L’Europe, secouée de violences terroristes et inquiète des bruits qui lui parviennent des pays arabes, est aujourd’hui profondément traversée de multiples interrogations quant à cet islam dont ses attaquants se revendiquent. Dans le même temps, les communautés musulmanes occidentales luttent pour défendre une image plus apaisée de leur religion, sous l’œil méfiant des polémistes. Qui croire ? Qui dispose du monopole légitime de l’orthodoxie musulmane ? En réalité, personne, clame Adrien Candiard. À contre-courant de bien des spécialistes de ce domaine, le dominicain prône une approche prudente et soucieuse de la complexité de l’islam.
Réponse hardie, qui constitue la thèse principale de ce petit ouvrage : loin d’être une structure monolithique et unifiée, la religion musulmane présente plusieurs visages et c’est justement cette irréductibilité à un dogme dominant qui fait toute sa richesse et sa singularité. Il n’y a pas UN islam, ni une mosaïque de croyances. Mais encore faut-il être capable d’identifier nos réflexes occidentaux en matière d’approche religieuse.
Ni monolithique, ni inexistant, l’islam présente bien au contraire une complexité qu’Adrien Candiard cherche à dévoiler, en commençant par débusquer la propension occidentale à essentialiser l’islam. Vu comme source de bien des déséquilibres contemporains, le monothéisme musulman est considéré comme un bloc indissociable de dogmes et croyances ambigus : la preuve en est que, pour la majorité, l’islam est avant tout arabe.
C’est oublier que le premier pays musulman au monde, l’Indonésie, n’est pas au Moyen-Orient et que la population musulmane du Proche-Orient ne peut rivaliser en nombre avec celle des communautés musulmanes asiatiques, pourtant minoritaires dans leur propre pays.
Dès lors, l’auteur explique que le concept de « jihad » (guerre sainte) revêt des significations tout à fait différentes selon la communauté qui s’en revendique : véritable offensive armée contre tout hérétique ou mauvais croyant pour les salafistes, devoir communautaire mené par un chef politique pour les sunnites traditionnels ou combat intérieur contre ses propres penchants pour les soufis. Toutes sunnites, ces trois branches ont des interprétations divergentes d’un concept néanmoins central.

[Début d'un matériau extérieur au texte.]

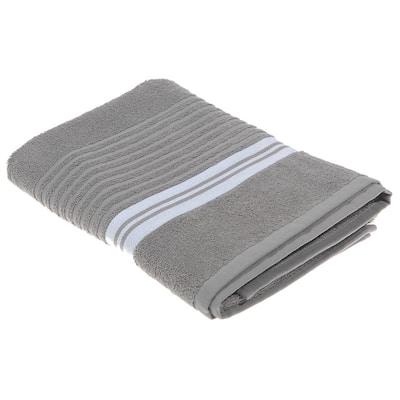 Deluxe Bath Towel (27 X 50) (Light Gray) - Set of 2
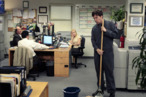 THE OFFICE -- "Free Family Portrait Studio" Episode 824 -- Pictured: (l-r) Brian Baumgartner as Kevin Malone, Oscar Nunez as Oscar Martinez, Angela Kinsey as Angela Martin, Ed Helms as Andy Bernard. THE OFFICE -- "Free Family Portrait Studio" Episode 824 -- Pictured: (l-r) Brian Baumgartner as Kevin Malone, Oscar Nunez as Oscar Martinez, Angela Kinsey as Angela Martin, Ed Helms as Andy Bernard.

Le Coran lui-même ne peut fournir de terreau à une éventuelle unité musulmane, tant son interprétation est difficile – il suffit de s’y plonger pour constater ses propos sibyllins – et vaste ; chacun peut y trouver une sourate susceptible de justifier son action. Quant aux hadiths, compilation des actes et propos du prophète, leur véracité ne fait pas toujours consensus.
Et que dire de la charia ? On entend par ce terme la « loi islamique », non comme véritable code législatif défini mais comme loi générale, étalon de la conduite du musulman : là encore, la conscience européenne y voit des prescriptions religieuses incompatibles avec la participation politique, là où les croyants musulmans y lisent davantage l’esprit d’un comportement soucieux de justice et de moralité. La charia permet donc une liberté d’application quelque peu dérangeante : comment comprendre que l’Arabie Saoudite revendique son utilisation fidèle, alors que les musulmans européens en défendent le caractère tolérant vis-à-vis de la démocratie ?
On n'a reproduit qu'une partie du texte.